Collection entries
---
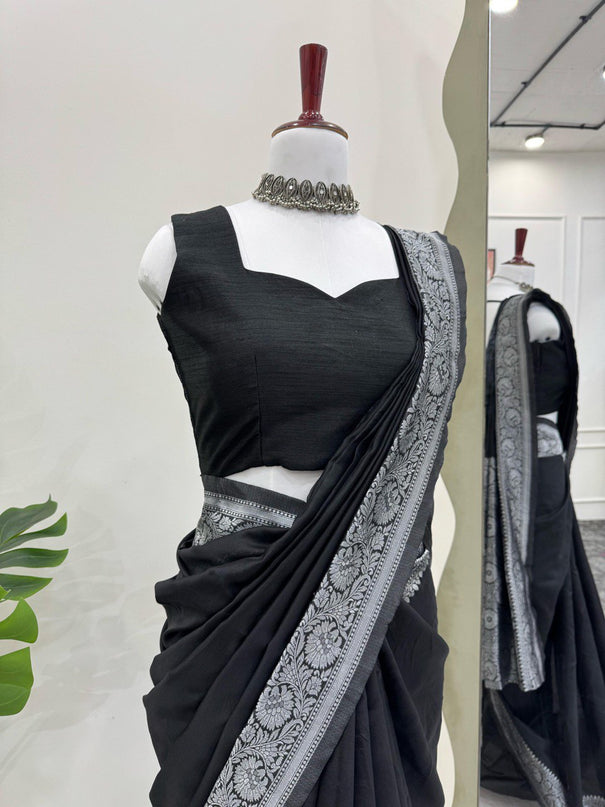 lack Jacquard In Stone Embroidery With Kota Silk Saree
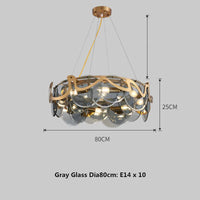Suspension élégante en verre et métal doré E14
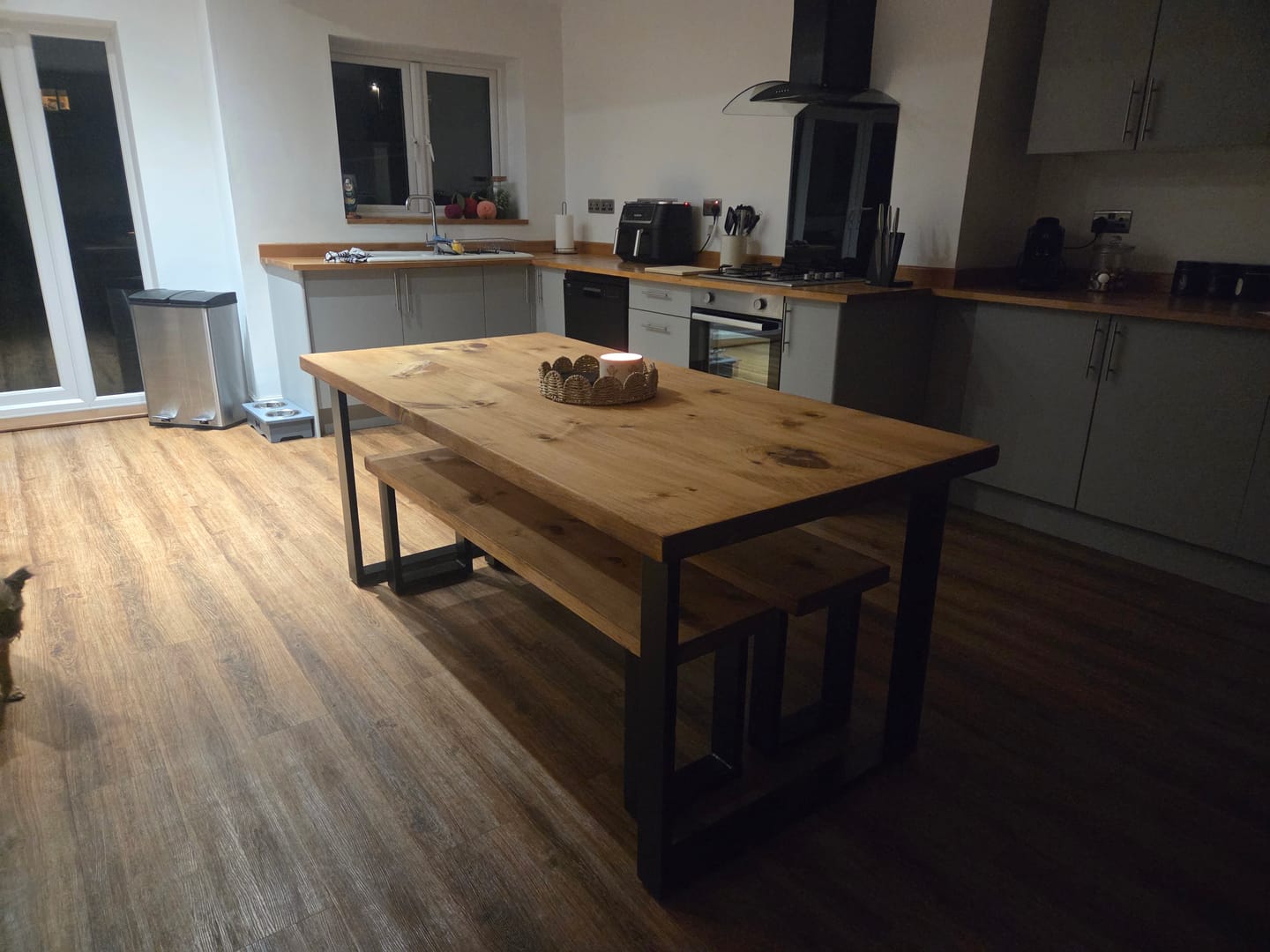 Customer photo review of Industrial Dining Table with Square Frame Leg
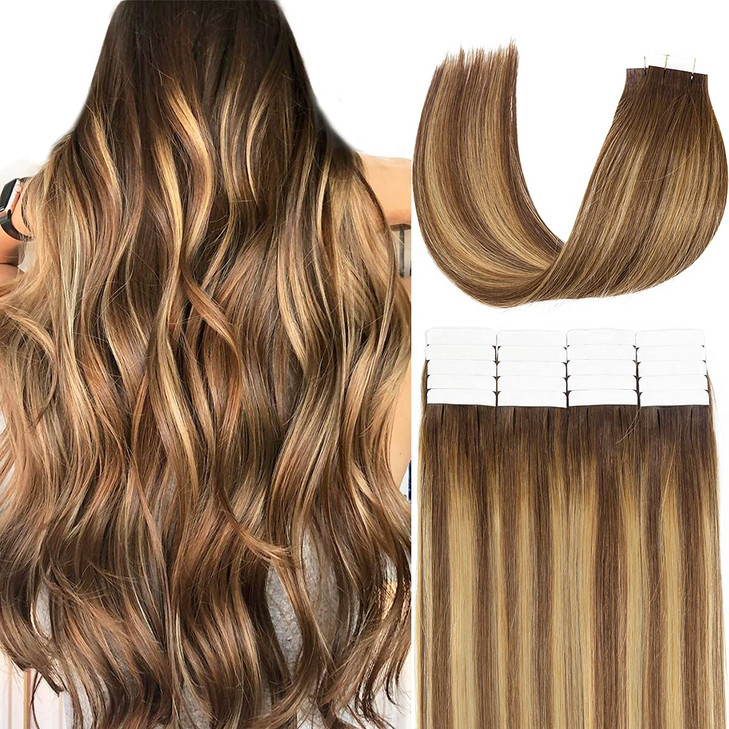 Loxxy Tape in Hair Extensions Human Hair Invisible Brazilian Natural Ombre Chocalate Brown Fading to Strawberry Blonde H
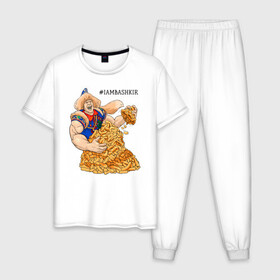 Мужская пижама хлопок с принтом IAMBASHKIR в Екатеринбурге, 100% хлопок | брюки и футболка прямого кроя, без карманов, на брюках мягкая резинка на поясе и по низу штанин
 | башкир | башкирия | башкортостан | халк | чак чак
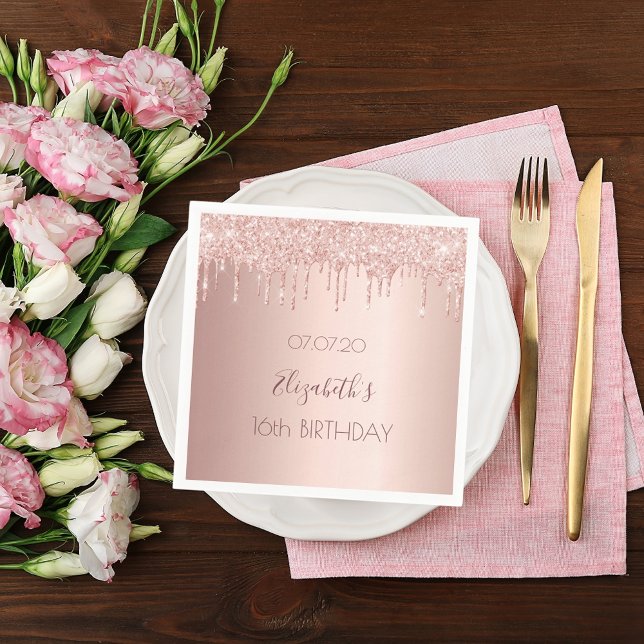 Sweet 16 blush rose gold glitter drips name glam napkins (Creator Uploaded)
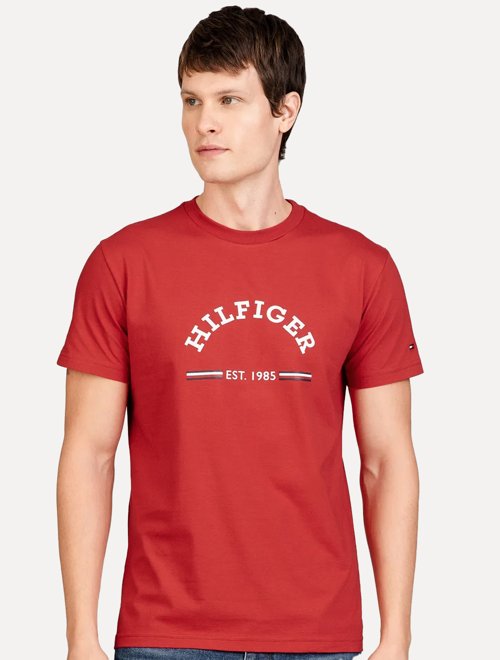 Camiseta Tommy Hilfiger Masculina Monotype Roundle Logo Preta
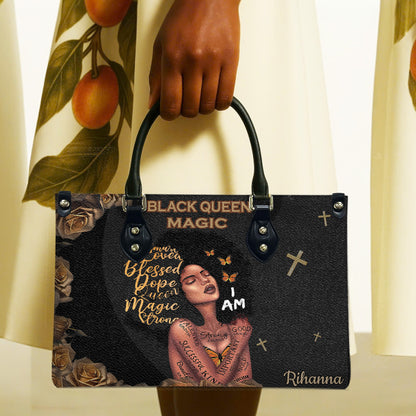 Queen (Black) - Personalized Leather Handbag YA2-Ha
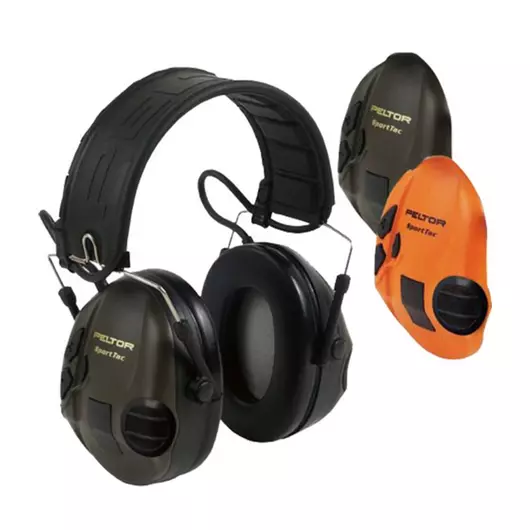 Fülvédő Peltor SportTac 3M, 26 dB, aktív, Narancs/Zöld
---
- **TASK ITEM**
Every line from the one with "Camiseta Tommy Hilfiger" through the last line of the data must be copied exactly. Leave the pictures out.

- **SOLUTION TO THE PROBLEM**
 Camiseta Tommy Hilfiger Masculina Monotype Roundle Logo Preta
 Queen (Black) - Personalized Leather Handbag YA2-Ha
 Fülvédő Peltor SportTac 3M, 26 dB, aktív, Narancs/Zöld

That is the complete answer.